Os anos 1980 foram prolíficos e experimentais, tendo em Melvin e Howard e Totalmente Selvagem os melhores exemplos do período. Os filmes evidenciam um realizador versátil, competente na transição entre cômico e dramático, talentoso na composição de atmosferas e na criação de personagens de fácil identificação. Formalmente, Demme dialogou com o que lhe era familiar: a televisão e o cinema clássico americano. Atualizados em aventuras urbanas, Raoul Walsh e John Ford têm a proposta de não deixar a câmera descansar e o público se desinteressar. Movimento e novidade. Máximas presentes também na primeira incursão ao documentário, Stop Making Sense (1984), que captura os Talkings Heads e revela não apenas o arrojado domínio artístico do diretor, bem como o apreço pela fusão de som e imagem.

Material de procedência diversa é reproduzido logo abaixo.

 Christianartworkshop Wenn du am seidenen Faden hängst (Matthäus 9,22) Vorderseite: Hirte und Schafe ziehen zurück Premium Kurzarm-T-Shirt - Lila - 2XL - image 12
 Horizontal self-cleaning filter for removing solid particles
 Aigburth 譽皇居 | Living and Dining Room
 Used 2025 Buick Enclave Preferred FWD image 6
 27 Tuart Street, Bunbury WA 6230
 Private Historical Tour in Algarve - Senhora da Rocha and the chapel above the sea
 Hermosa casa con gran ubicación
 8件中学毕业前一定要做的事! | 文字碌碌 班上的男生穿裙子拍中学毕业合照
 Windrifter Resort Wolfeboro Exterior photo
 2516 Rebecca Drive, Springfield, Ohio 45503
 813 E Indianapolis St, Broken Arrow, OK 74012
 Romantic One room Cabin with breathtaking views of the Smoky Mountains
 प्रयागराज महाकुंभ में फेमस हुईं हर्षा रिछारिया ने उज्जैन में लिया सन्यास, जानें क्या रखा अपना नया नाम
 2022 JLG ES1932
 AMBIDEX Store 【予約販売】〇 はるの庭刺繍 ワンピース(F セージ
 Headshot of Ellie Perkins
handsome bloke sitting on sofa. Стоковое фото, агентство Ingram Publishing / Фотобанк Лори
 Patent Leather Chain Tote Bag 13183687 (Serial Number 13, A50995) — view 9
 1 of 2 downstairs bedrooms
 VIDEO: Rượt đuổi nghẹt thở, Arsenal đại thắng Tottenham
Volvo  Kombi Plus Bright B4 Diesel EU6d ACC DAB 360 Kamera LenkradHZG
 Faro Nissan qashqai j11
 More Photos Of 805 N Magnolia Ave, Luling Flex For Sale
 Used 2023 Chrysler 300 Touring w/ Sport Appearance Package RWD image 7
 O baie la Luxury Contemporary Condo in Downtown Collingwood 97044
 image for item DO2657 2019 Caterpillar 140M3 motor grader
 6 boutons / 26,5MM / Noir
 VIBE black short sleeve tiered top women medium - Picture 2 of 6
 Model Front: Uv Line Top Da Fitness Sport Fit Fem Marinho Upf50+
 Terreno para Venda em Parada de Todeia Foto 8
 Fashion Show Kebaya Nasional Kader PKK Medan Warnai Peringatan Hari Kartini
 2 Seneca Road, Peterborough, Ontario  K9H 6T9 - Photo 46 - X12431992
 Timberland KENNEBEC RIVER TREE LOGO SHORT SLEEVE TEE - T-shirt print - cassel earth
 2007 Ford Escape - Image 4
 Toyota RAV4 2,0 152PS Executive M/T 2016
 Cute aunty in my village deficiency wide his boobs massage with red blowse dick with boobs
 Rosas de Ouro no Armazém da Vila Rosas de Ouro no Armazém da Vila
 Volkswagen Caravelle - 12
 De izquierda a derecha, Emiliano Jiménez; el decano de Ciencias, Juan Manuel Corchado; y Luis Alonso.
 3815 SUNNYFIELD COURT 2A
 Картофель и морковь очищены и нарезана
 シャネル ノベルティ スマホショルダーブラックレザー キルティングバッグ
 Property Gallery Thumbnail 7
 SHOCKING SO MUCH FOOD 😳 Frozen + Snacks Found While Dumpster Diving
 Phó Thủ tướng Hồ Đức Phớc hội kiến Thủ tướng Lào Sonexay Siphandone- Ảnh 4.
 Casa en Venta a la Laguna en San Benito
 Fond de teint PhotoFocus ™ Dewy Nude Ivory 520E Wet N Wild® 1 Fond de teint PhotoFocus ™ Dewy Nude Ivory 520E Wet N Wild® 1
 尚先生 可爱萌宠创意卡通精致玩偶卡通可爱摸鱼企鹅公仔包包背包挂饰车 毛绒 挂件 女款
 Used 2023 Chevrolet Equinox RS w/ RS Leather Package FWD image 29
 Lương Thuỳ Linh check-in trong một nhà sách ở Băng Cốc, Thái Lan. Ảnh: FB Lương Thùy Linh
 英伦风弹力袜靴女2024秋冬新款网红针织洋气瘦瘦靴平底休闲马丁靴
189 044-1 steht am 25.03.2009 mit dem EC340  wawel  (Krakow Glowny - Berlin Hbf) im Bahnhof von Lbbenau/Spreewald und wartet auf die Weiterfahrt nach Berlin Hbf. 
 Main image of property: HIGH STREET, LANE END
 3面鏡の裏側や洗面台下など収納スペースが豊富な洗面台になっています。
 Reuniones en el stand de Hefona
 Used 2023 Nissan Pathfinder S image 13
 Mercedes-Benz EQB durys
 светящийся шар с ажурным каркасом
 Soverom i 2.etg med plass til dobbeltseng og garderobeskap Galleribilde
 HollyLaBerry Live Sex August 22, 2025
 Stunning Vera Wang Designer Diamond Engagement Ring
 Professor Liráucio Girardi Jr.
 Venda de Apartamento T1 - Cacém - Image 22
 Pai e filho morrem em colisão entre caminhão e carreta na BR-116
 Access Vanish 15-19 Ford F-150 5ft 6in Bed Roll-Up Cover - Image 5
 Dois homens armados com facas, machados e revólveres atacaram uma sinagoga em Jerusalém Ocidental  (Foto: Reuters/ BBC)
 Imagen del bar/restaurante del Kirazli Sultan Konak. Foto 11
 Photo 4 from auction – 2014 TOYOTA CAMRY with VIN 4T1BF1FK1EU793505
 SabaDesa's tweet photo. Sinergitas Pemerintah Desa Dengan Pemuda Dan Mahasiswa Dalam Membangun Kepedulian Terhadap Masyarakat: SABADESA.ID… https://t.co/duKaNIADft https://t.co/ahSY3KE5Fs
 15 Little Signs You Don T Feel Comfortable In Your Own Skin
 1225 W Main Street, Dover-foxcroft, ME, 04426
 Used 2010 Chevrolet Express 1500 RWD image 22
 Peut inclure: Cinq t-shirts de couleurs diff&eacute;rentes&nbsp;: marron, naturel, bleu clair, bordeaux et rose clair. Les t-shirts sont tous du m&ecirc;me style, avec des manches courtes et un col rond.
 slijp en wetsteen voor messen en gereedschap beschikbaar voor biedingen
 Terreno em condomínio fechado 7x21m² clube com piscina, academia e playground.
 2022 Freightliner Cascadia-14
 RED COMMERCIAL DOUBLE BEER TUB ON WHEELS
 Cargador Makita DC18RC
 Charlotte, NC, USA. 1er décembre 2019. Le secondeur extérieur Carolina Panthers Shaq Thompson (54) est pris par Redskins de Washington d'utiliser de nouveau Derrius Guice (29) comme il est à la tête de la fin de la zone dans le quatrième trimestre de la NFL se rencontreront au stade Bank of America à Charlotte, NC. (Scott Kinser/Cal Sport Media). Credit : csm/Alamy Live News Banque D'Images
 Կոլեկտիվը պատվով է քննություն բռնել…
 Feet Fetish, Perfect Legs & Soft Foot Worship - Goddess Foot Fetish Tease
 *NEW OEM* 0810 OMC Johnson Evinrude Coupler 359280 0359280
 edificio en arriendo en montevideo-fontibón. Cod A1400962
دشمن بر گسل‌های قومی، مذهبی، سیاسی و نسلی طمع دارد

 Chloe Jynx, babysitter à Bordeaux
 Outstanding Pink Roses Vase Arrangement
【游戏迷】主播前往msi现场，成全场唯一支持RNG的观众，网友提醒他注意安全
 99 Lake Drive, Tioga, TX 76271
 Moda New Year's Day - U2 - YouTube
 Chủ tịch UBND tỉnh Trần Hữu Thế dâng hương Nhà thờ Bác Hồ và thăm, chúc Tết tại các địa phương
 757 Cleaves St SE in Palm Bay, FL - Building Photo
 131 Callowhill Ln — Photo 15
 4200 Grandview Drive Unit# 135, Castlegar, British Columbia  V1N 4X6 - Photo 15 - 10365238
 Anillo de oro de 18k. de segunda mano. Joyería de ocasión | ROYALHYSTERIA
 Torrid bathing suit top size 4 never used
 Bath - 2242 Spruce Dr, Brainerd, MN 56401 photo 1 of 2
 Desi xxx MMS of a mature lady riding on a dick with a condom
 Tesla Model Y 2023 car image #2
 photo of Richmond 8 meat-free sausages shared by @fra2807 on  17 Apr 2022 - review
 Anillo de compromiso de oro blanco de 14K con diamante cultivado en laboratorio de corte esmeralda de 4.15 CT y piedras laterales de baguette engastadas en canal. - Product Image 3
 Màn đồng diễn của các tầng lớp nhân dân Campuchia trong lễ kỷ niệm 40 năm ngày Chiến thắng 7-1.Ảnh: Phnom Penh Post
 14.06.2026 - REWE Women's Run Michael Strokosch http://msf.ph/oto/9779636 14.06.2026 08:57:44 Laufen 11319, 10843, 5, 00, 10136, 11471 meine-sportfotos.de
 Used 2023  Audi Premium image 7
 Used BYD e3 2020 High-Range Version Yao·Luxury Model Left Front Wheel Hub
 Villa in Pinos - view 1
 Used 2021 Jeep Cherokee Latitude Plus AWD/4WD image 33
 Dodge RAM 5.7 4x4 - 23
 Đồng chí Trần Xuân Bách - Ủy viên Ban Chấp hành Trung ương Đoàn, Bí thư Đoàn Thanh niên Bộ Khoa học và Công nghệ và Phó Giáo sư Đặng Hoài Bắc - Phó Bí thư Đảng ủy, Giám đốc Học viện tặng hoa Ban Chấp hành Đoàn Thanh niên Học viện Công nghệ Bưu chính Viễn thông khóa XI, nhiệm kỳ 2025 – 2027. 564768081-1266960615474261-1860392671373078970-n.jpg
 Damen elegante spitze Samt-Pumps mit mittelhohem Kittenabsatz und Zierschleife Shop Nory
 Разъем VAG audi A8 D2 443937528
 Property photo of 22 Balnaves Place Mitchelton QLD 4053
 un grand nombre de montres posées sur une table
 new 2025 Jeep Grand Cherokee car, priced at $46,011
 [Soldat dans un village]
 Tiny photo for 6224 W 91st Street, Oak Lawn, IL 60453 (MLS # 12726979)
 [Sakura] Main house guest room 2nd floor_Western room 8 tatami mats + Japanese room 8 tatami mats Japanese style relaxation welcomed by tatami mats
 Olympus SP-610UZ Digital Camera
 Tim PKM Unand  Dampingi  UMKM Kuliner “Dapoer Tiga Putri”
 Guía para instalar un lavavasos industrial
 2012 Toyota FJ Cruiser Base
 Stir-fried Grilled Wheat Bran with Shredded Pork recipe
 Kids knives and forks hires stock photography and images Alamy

No início dos 1990, a facilidade em contar histórias e os temas populares faziam de Demme o realizador mais acessível da sua geração. Pelo menos em teoria, pois a aprovação da crítica não impulsionava a bilheteria. Demme chegou a considerar que estava fazendo tudo errado. Tomado pela dúvida, arriscou. Apostou no alto contraste, na luz dura e nos close-ups em O Silêncio dos Inocentes (1991), o encontro de uma agente do FBI (Jodie Foster) e um serial killer (Anthony Hopkins), um dos melhores thrillers já realizados. A câmera subjetiva de Fuller e Hitchcock rendeu-lhe um Oscar e deu fôlego à carreira. Na sequência, Filadélfia denunciou o preconceito aos portadores de HIV. Um filme diferente mas igualmente icônico. Outro sucesso.
O reconhecimento do público não acomodou o diretor, que perambulou entre ficção, documentário, televisão e videoclipe até o final do ano passado, quando decidiu passar mais tempo com a família. O Casamento de Rachel (2008) ainda merece mais atenção. Na paisagem atual, as influencias ecoam na iluminação de Paul Thomas Anderson, na simetria de Wes Anderson, e no naturalismo de Alexander Payne. Empenhado em contar histórias envolventes e significativas, Jonathan Demme priorizou a emoção. Em seus melhores trabalhos, os filmes se diluem para além do cinema, como que preparados para nos acompanhar na vida.